▸ **ASSIGNMENT**:
Please restate the data that follows word for word, with the pictures left out.

▸ **GIVEN DATA**:

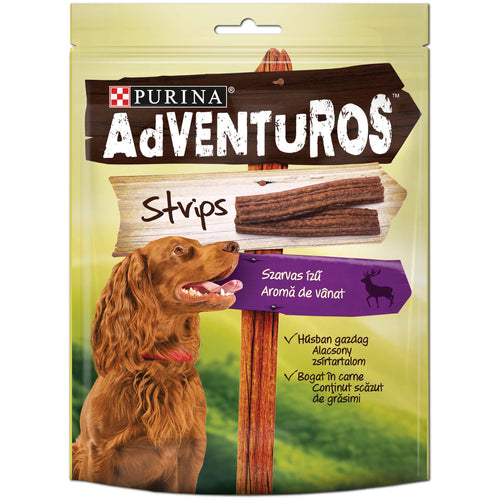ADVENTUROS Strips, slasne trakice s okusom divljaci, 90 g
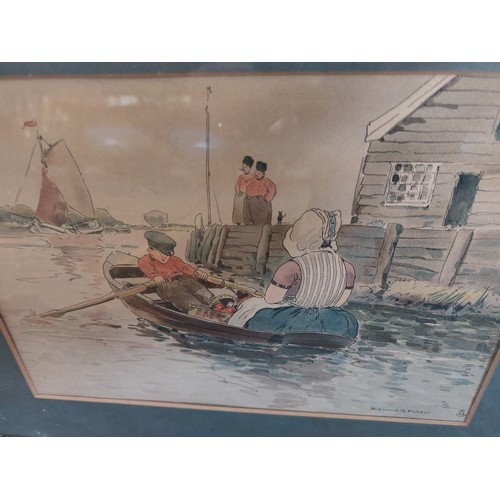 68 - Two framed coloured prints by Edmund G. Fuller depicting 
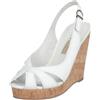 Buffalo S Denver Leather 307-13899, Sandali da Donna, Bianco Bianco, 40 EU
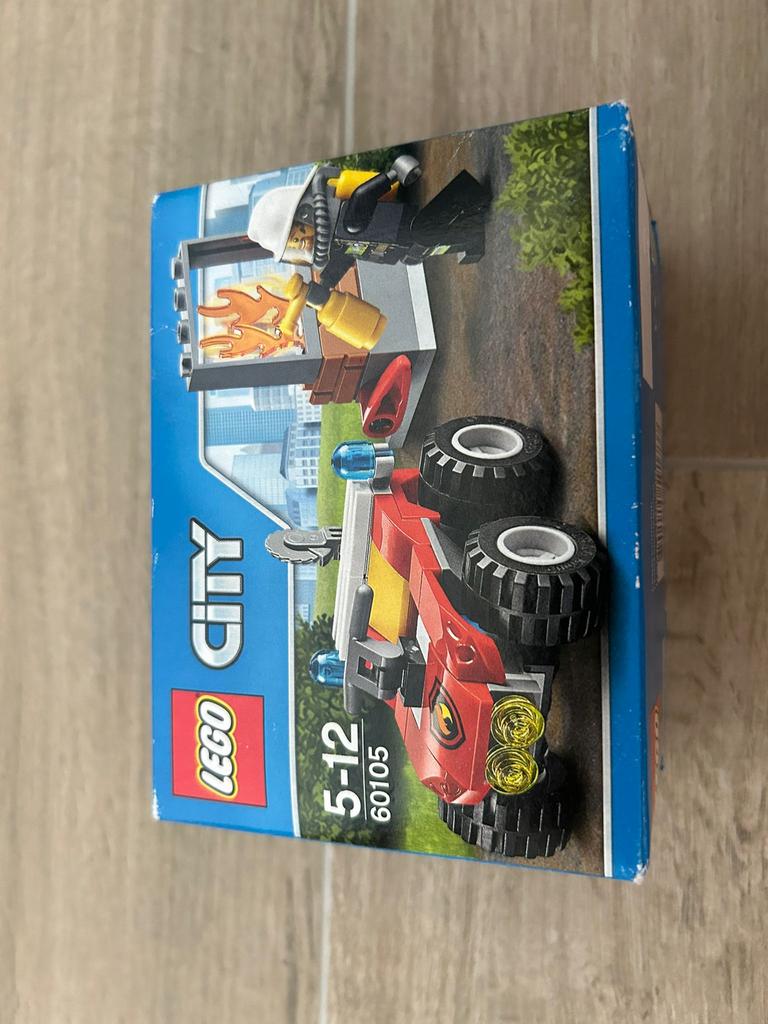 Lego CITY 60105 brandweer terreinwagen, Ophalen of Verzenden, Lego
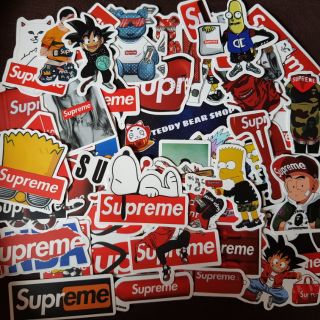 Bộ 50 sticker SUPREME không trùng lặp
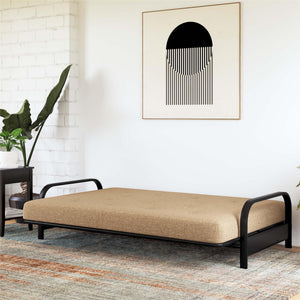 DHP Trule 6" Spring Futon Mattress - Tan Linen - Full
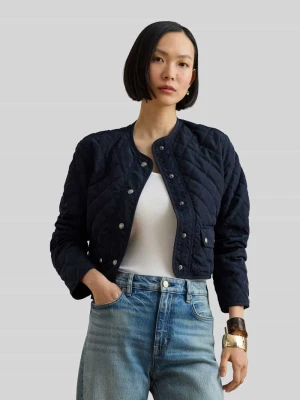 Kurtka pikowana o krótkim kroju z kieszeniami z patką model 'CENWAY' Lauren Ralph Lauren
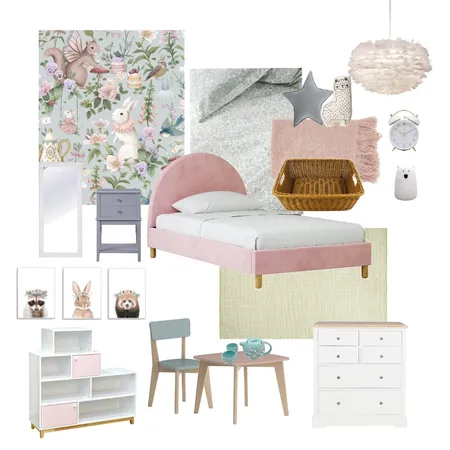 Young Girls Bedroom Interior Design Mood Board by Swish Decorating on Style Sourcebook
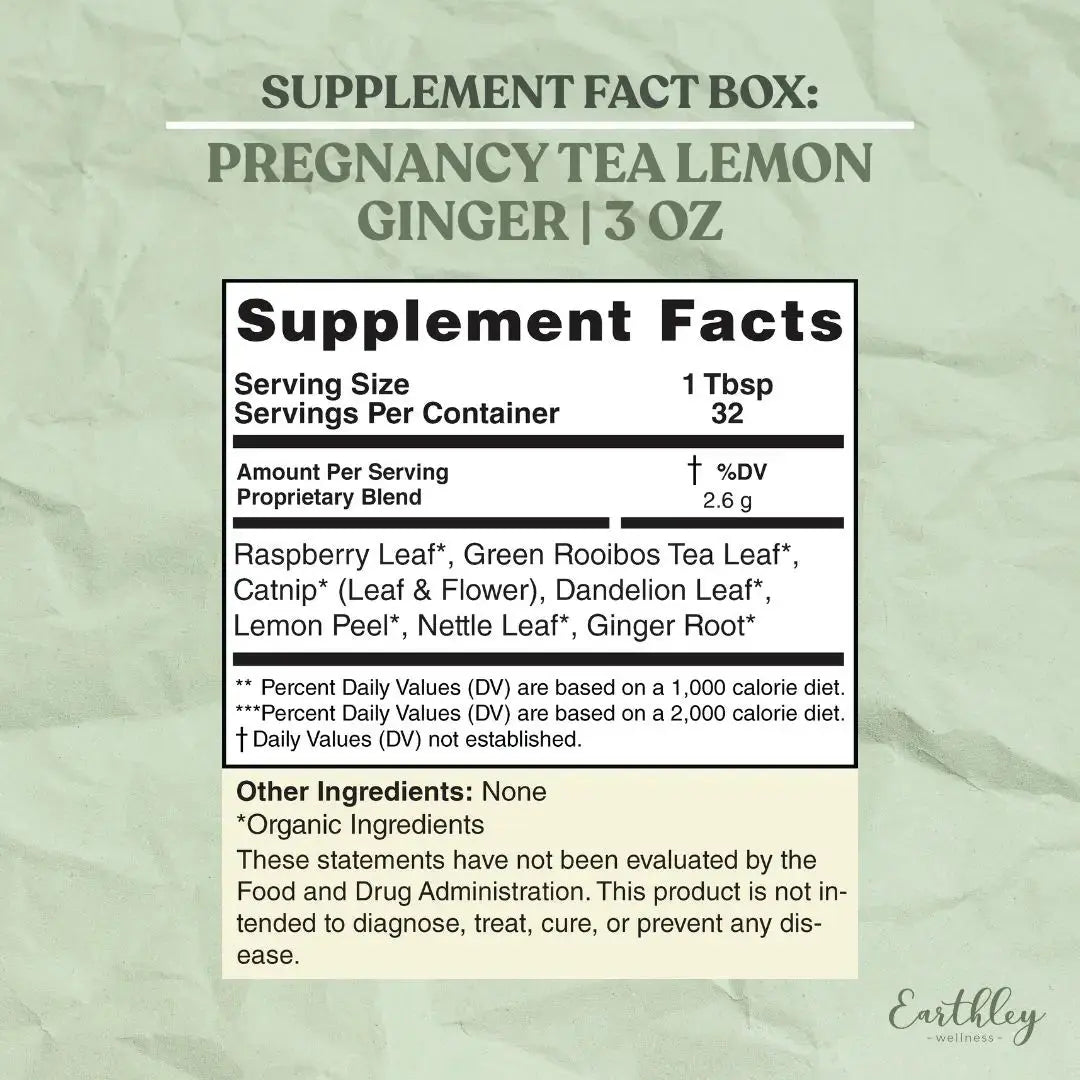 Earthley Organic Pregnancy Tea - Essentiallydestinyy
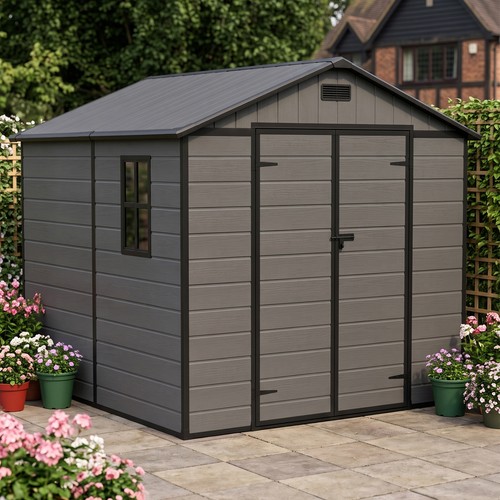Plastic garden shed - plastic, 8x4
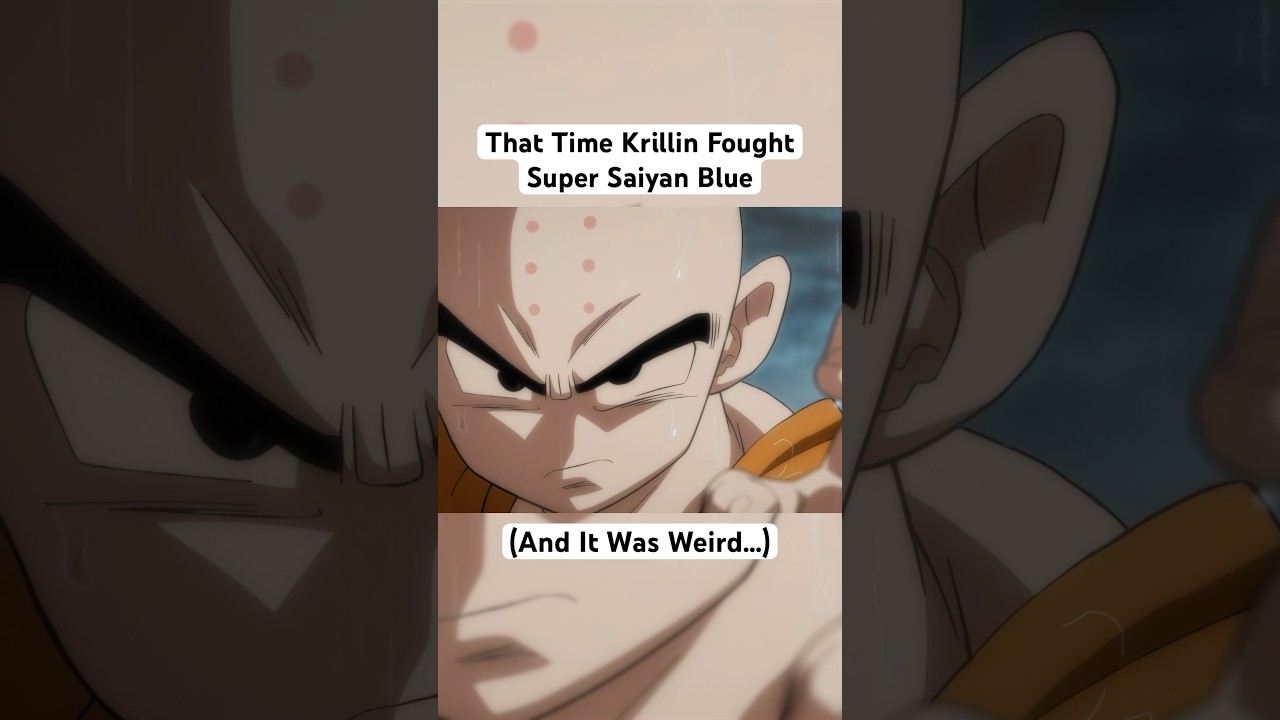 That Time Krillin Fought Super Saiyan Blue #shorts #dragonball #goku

▸ **ANSWER AREA**:
ADVENTUROS Strips, slasne trakice s okusom divljaci, 90 g
 68 - Two framed coloured prints by Edmund G. Fuller depicting 
 Buffalo S Denver Leather 307-13899, Sandali da Donna, Bianco Bianco, 40 EU
 Lego CITY 60105 brandweer terreinwagen, Ophalen of Verzenden, Lego
 Bộ 50 sticker SUPREME không trùng lặp
 DHP Trule 6" Spring Futon Mattress - Tan Linen - Full
 Kurtka pikowana o krótkim kroju z kieszeniami z patką model 'CENWAY' Lauren Ralph Lauren
 Young Girls Bedroom Interior Design Mood Board by Swish Decorating on Style Sourcebook
 Earthley Organic Pregnancy Tea - Essentiallydestinyy
Plastic garden shed - plastic, 8x4
 That Time Krillin Fought Super Saiyan Blue #shorts #dragonball #goku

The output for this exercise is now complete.